I can relate because I also began to see in stages after the Lord first touched me. He did not heal the abysmal spiritual darkness in me all at once. Instead, my first glimpses of the real world remained distorted by the lens of secular humanism I first embraced as a teenager.
The humanist worldview led me to view life as a silly option and death as the more logical choice. The more I saw through this murky lens, the darker life grew until blackness reigned unchallenged.
Worldview Breakdown
Secular humanism provides insufficient answers to questions of mankind’s purpose and meaning. Their efforts to touch these concepts lead in circles, much like Pooh and Piglet following their own tracks in the snow.

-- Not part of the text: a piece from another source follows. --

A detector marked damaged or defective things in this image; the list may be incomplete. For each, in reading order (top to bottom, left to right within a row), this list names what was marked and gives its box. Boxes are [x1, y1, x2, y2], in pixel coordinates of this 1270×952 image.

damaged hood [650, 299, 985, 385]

In adulthood, questions began to buffet me in the thick darkness of my chosen worldview:
- If the end justifies the means, then why does my conscience prick me when I cause someone pain?
- If mankind sets the standard for right and wrong, what man gets to set it?

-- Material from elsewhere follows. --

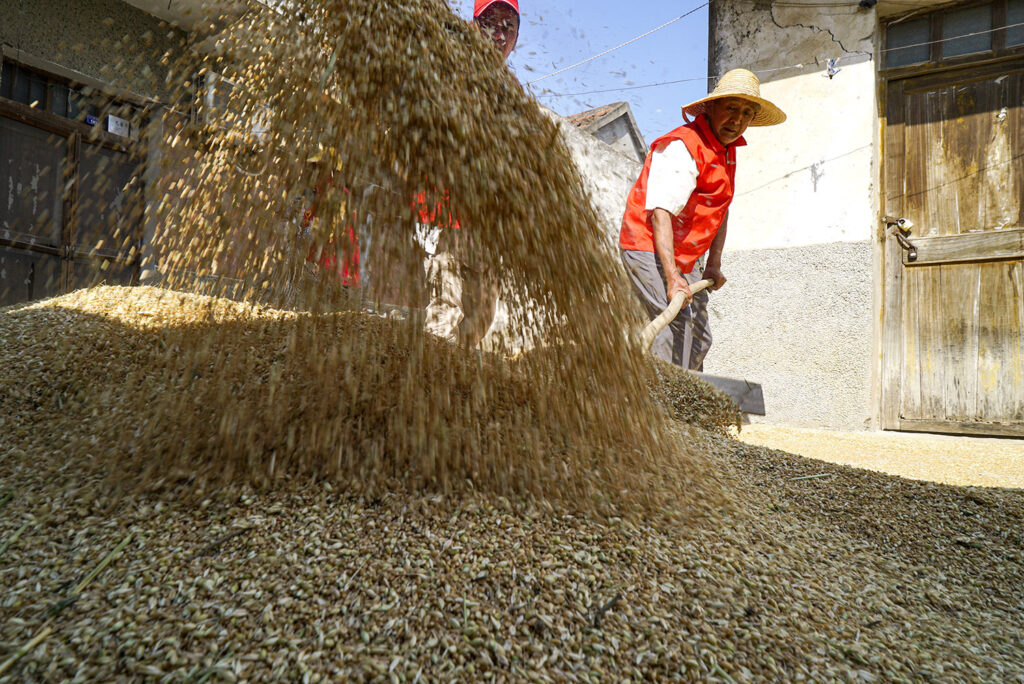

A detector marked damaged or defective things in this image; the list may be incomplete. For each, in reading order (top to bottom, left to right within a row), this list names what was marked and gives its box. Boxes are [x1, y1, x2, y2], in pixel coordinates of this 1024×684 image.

cracked wall [704, 0, 880, 428]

- When others use me and I feel wronged, am I right or are they?
- When social standards change, does right and wrong change, too?
- Is life built on such an unstable foundation as all this?

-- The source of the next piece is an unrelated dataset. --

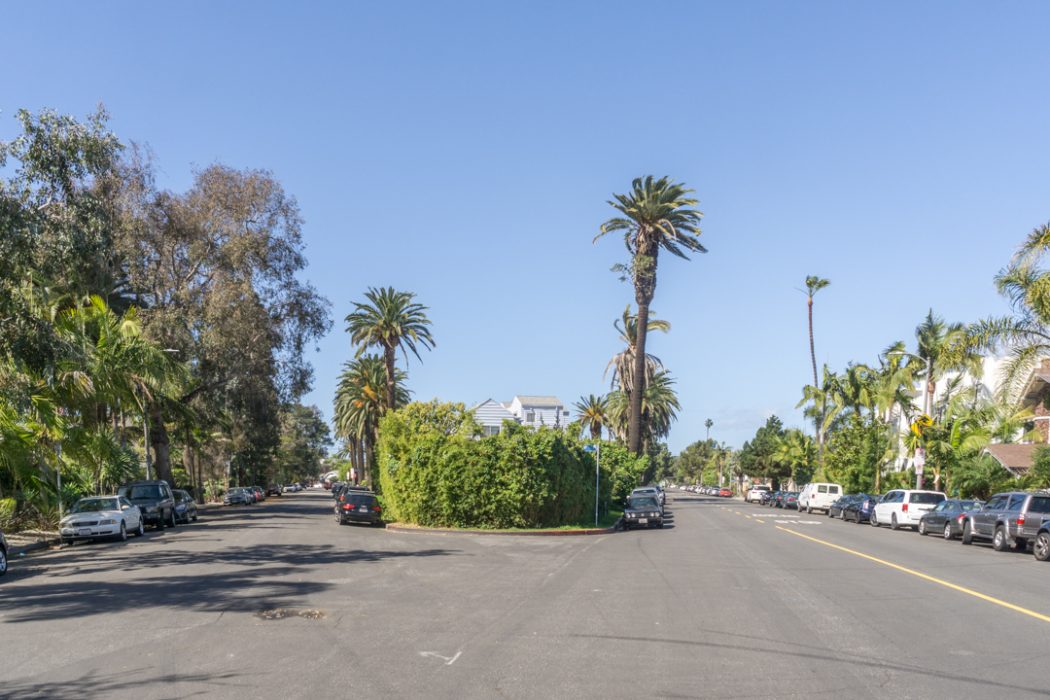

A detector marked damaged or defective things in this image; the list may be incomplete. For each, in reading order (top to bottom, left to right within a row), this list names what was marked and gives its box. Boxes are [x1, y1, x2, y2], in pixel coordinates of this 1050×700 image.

road pothole patch [254, 604, 323, 621]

- If man is the measure of all things, then what’s the point?
- Why bother with life at all?
Years spent groping in this philosophical darkness brought no peace but only multiplied my confusion. And quite frankly, the longer I groped in this darkness, the less sense the humanist worldview made.
As I rode the fluctuating and unstable tide of humanistic morality, I knew deep inside there must be a true right and a true wrong. Without a changeless absolute truth, life was purposeless, chaotic, and ultimately meaningless.
The moral question became one of life or death for me.
Beginning to See
This is where Yeshua found me.
He began to heal my spiritual blindness, but at first I saw neither Him nor His truth clearly. Instead, I saw a distorted version of reality blurred by drab layers of humanistic philosophy. At the Lord’s first touch, I saw enough to know He was there although I saw Him only dimly.
It took several applications of the Word of Truth before I saw clearly. And what I discovered was the world, seen through the crystal-clear truth of the Maker of all things, =made a startling, stark sense.
What About You?
I don’t know where you stand, friend. I don’t know if you see Yeshua through His Word or if you see an obscure shadow of Him; a man like a tree walking around. But I pray He will heal you fully so you may see the beauty of the Light of the World and all He illuminates.